• [DATASET SECTION]
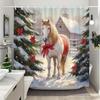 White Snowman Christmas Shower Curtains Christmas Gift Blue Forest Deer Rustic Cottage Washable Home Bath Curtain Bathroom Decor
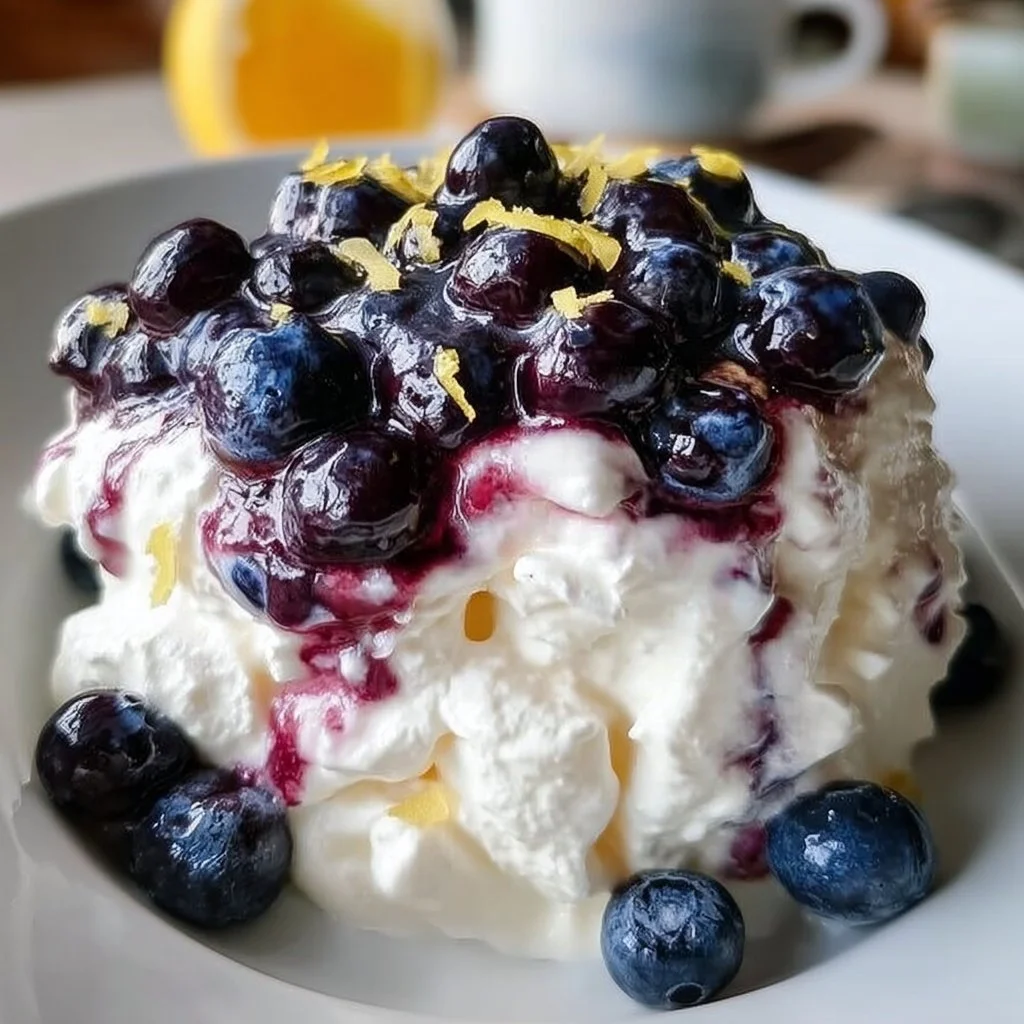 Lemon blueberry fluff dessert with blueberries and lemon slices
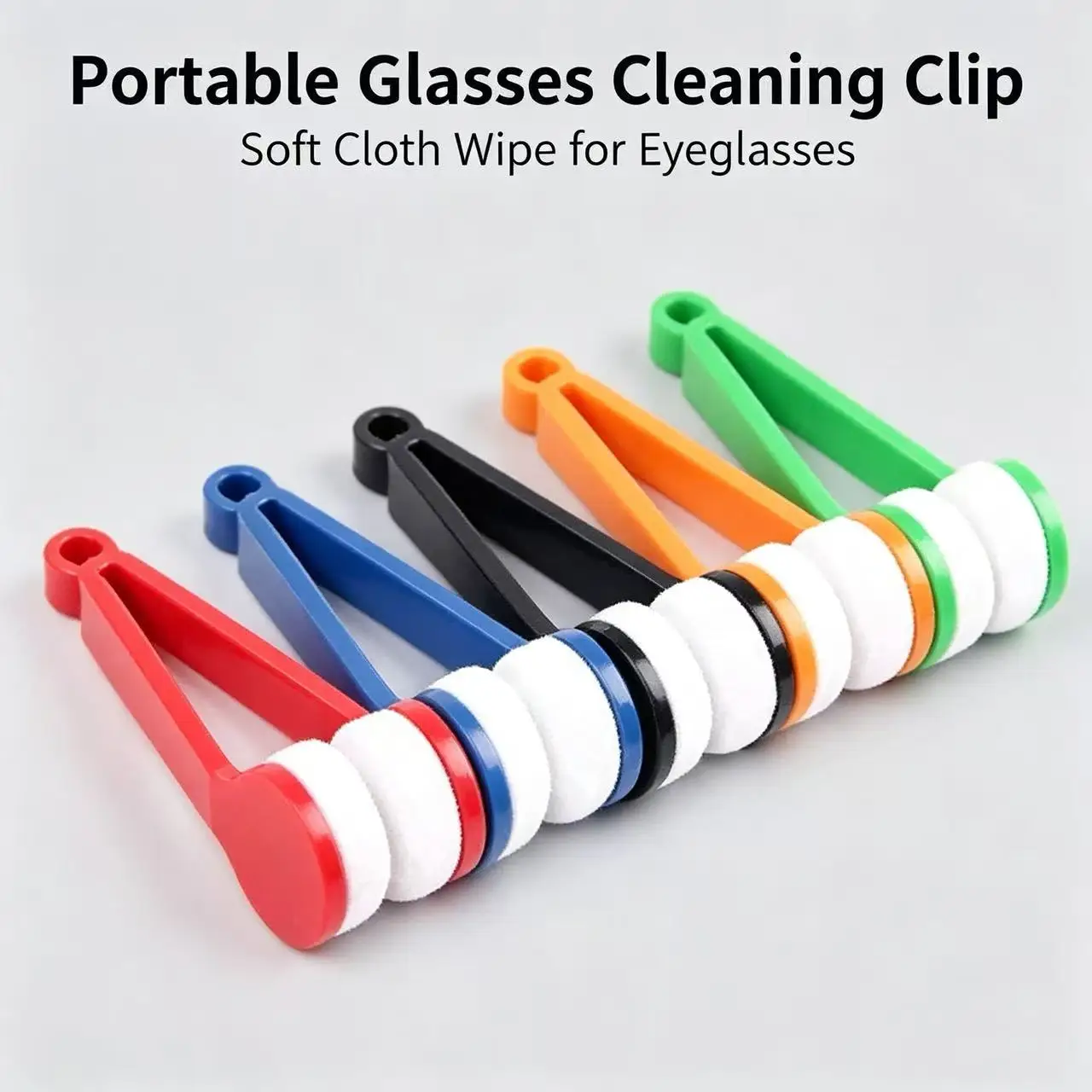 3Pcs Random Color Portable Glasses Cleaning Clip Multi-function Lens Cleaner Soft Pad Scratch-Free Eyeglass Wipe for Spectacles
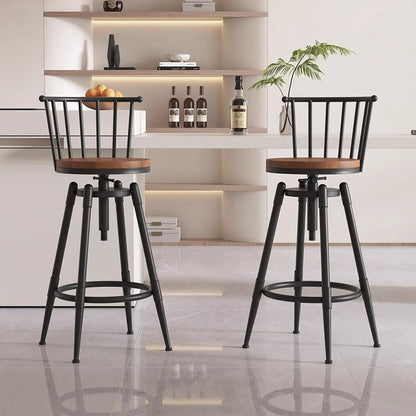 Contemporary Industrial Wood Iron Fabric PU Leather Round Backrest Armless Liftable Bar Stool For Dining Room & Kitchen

• [WHAT IS EXPECTED] Restate word for word the lines beginning with the one that contains "Lemon blueberry fluff" and ending with the last line of the listing; pictures stay out.

• [TASK RESULT]
 Lemon blueberry fluff dessert with blueberries and lemon slices
 3Pcs Random Color Portable Glasses Cleaning Clip Multi-function Lens Cleaner Soft Pad Scratch-Free Eyeglass Wipe for Spectacles
 Contemporary Industrial Wood Iron Fabric PU Leather Round Backrest Armless Liftable Bar Stool For Dining Room & Kitchen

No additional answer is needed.